▸ **DATA SECTION**
•••••

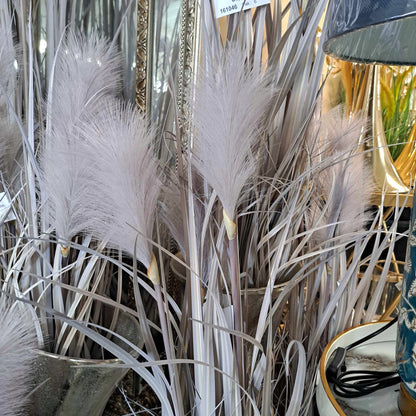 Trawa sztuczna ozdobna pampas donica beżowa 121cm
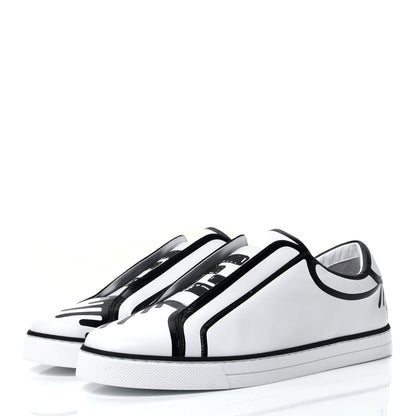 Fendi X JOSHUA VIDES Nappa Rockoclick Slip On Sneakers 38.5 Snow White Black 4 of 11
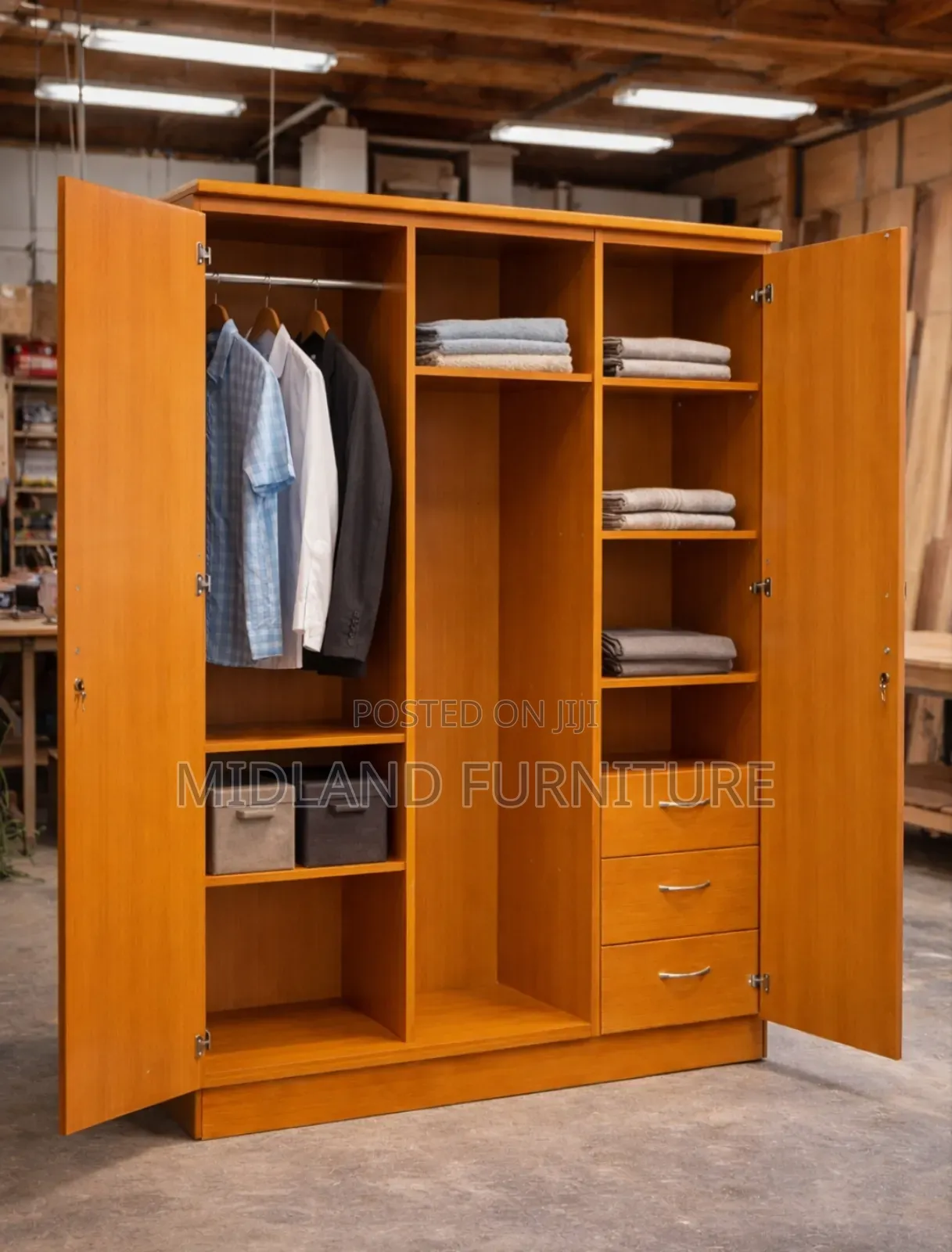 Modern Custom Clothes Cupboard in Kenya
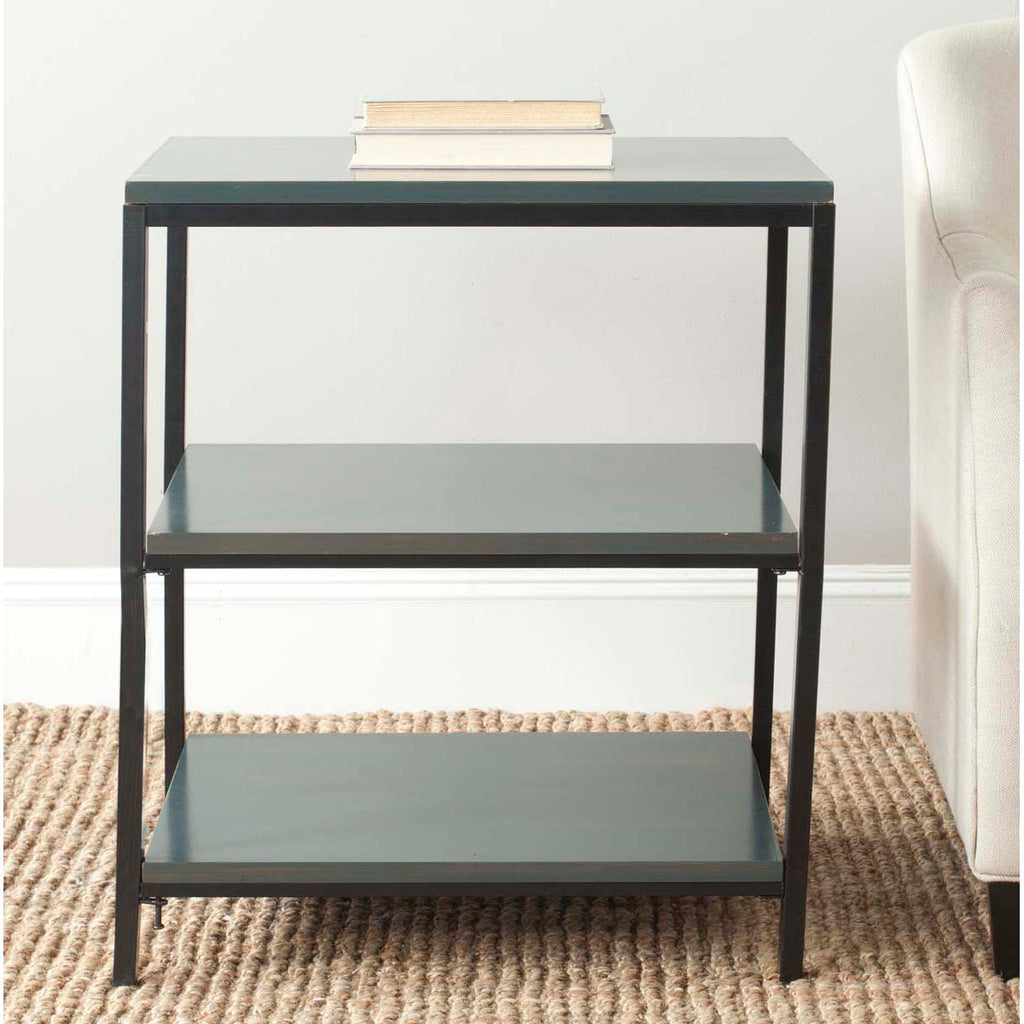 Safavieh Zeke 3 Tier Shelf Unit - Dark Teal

•••••

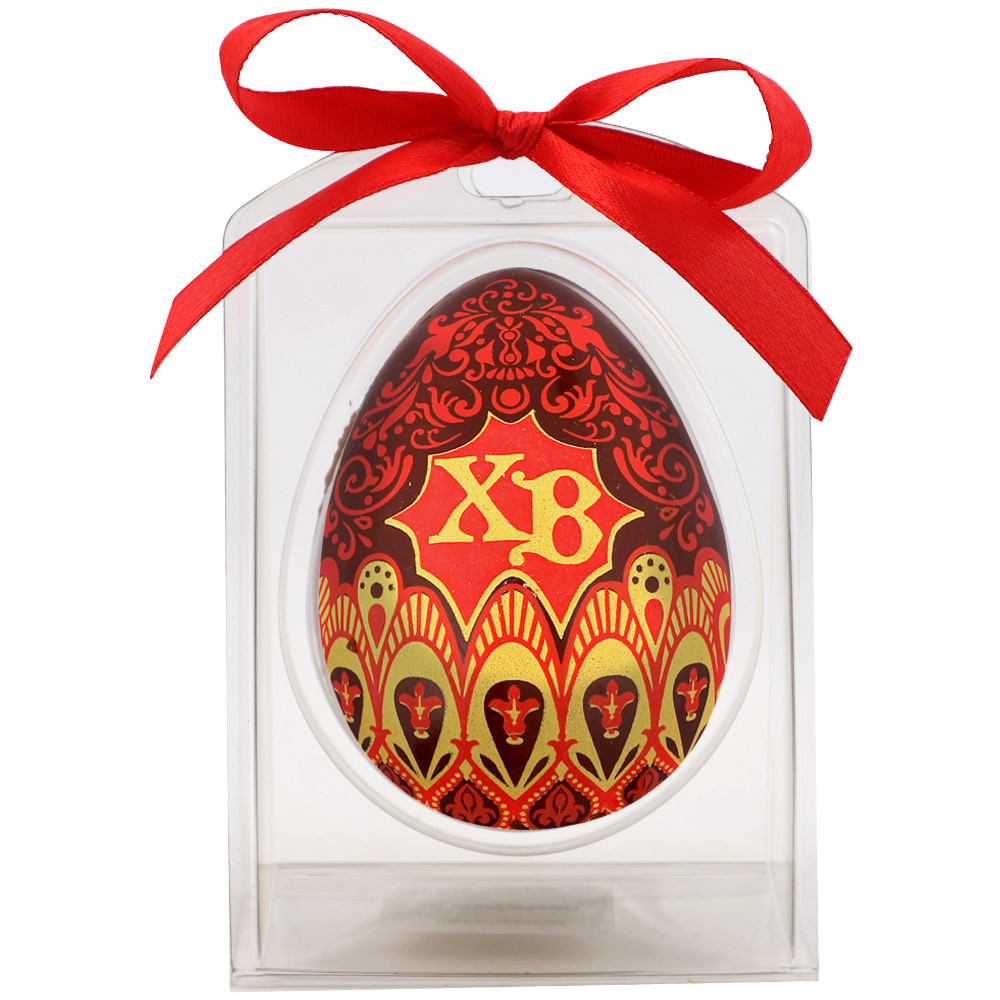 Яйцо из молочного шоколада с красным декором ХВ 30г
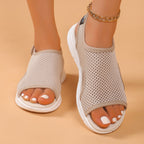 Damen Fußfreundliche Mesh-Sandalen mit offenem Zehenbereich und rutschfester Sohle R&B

•••••

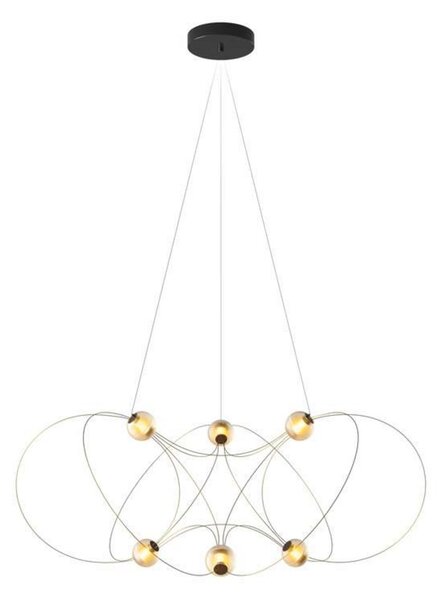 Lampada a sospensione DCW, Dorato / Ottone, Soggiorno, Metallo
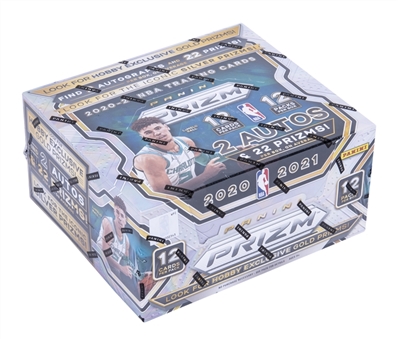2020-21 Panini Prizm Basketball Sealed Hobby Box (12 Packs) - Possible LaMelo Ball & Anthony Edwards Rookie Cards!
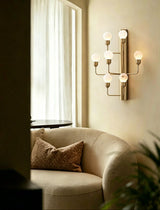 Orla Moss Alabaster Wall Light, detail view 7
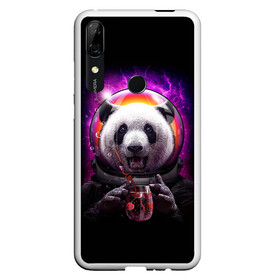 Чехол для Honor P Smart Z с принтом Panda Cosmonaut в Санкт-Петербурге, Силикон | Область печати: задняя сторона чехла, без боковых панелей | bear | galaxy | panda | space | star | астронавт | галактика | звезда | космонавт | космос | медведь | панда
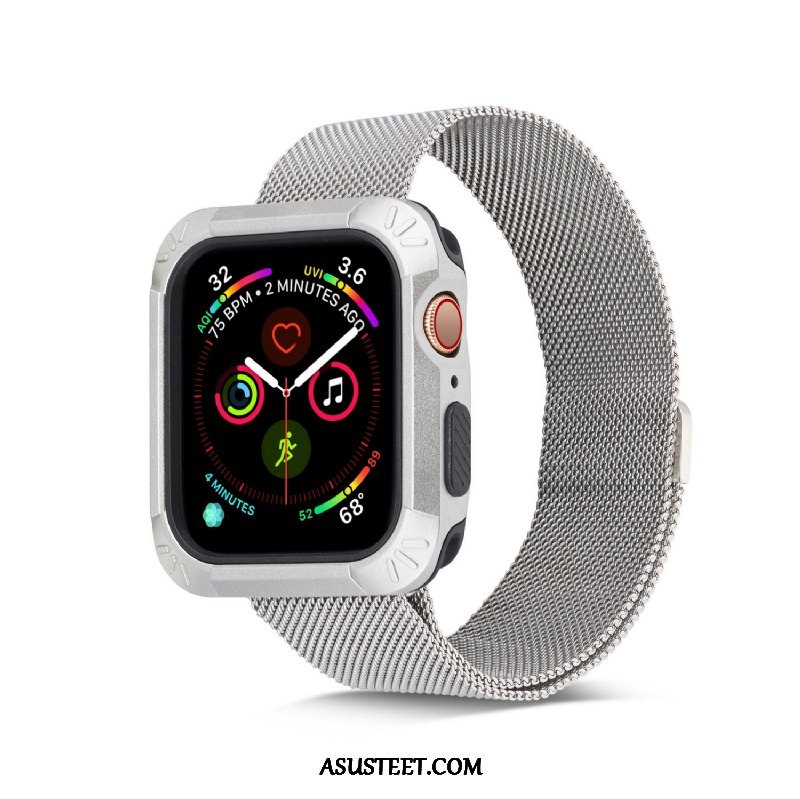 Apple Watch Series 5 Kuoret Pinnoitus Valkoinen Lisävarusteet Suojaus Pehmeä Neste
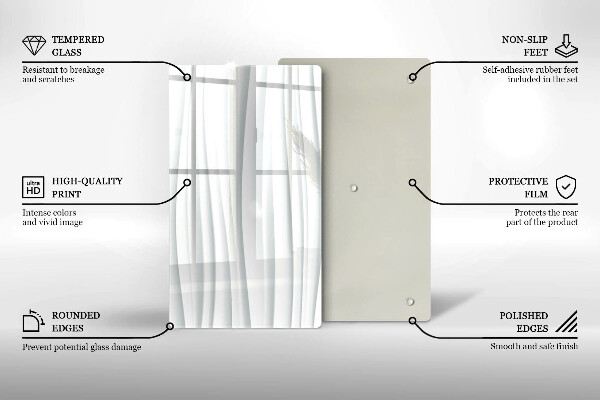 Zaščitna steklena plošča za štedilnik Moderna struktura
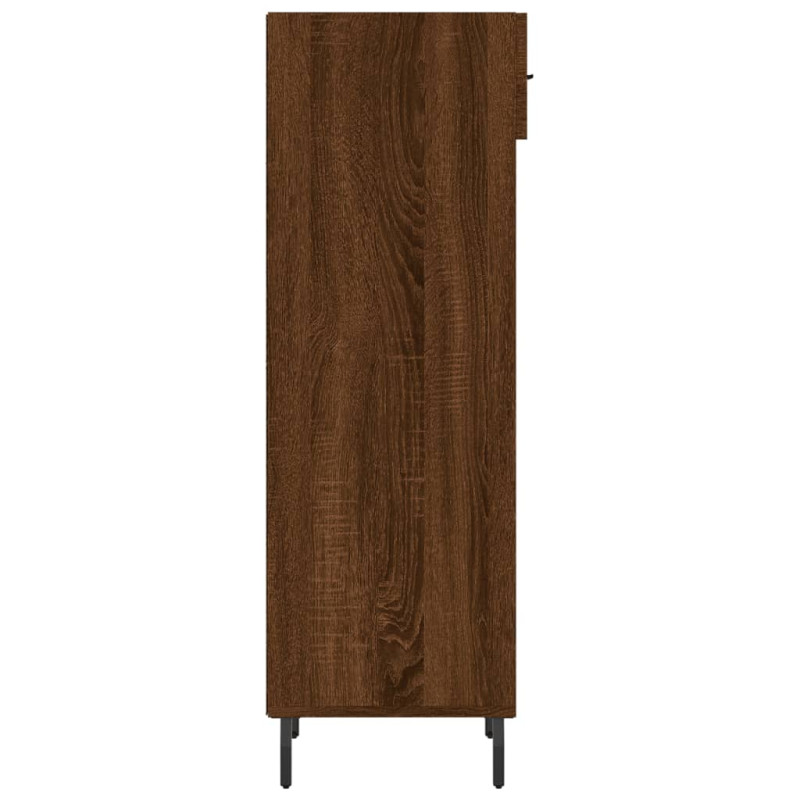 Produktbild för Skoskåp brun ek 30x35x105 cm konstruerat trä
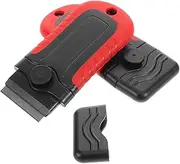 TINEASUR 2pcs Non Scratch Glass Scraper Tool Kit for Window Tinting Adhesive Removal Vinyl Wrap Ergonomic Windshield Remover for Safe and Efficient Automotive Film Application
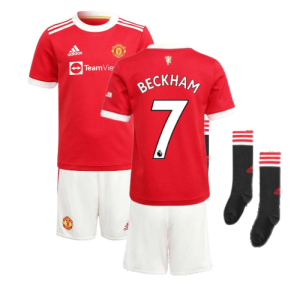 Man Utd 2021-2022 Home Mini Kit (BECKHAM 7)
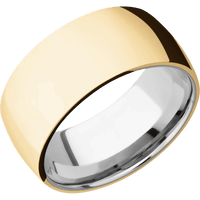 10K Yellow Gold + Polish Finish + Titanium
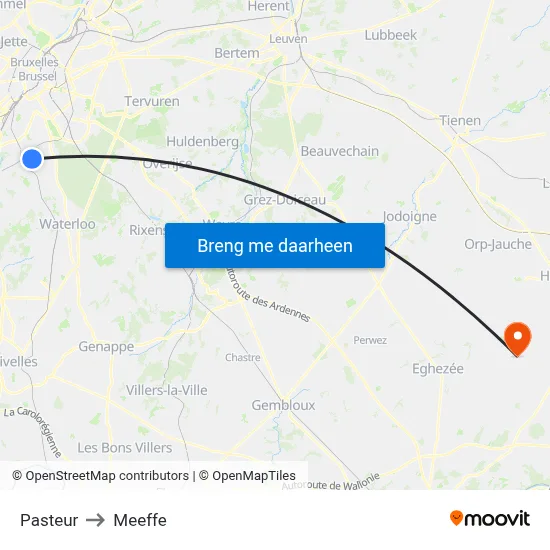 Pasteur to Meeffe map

•••••

▸ **TASK TO COMPLETE**
Copy out the lines above from the line containing "Apple Watch Series" through the line containing "Pasteur to Meeffe map", exactly, and keep the pictures out.

▸ **ANSWER FOR THIS EXERCISE**
 Apple Watch Series 5 Kuoret Pinnoitus Valkoinen Lisävarusteet Suojaus Pehmeä Neste
 Zaščitna steklena plošča za štedilnik Moderna struktura
 Produktbild för Skoskåp brun ek 30x35x105 cm konstruerat trä
 TINEASUR 2pcs Non Scratch Glass Scraper Tool Kit for Window Tinting Adhesive Removal Vinyl Wrap Ergonomic Windshield Remover for Safe and Efficient Automotive Film Application
 Man Utd 2021-2022 Home Mini Kit (BECKHAM 7)
 10K Yellow Gold + Polish Finish + Titanium
 Pasteur to Meeffe map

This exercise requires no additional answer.